Task requirements:
Please set down all of the data below verbatim.

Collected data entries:
+++++

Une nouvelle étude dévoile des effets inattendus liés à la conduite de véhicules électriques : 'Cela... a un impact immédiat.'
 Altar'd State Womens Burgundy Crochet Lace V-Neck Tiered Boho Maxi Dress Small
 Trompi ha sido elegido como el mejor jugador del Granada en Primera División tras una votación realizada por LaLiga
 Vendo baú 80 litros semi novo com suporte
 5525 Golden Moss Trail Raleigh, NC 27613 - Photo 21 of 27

+++++

Expected output:
Une nouvelle étude dévoile des effets inattendus liés à la conduite de véhicules électriques : 'Cela... a un impact immédiat.'
 Altar'd State Womens Burgundy Crochet Lace V-Neck Tiered Boho Maxi Dress Small
 Trompi ha sido elegido como el mejor jugador del Granada en Primera División tras una votación realizada por LaLiga
 Vendo baú 80 litros semi novo com suporte
 5525 Golden Moss Trail Raleigh, NC 27613 - Photo 21 of 27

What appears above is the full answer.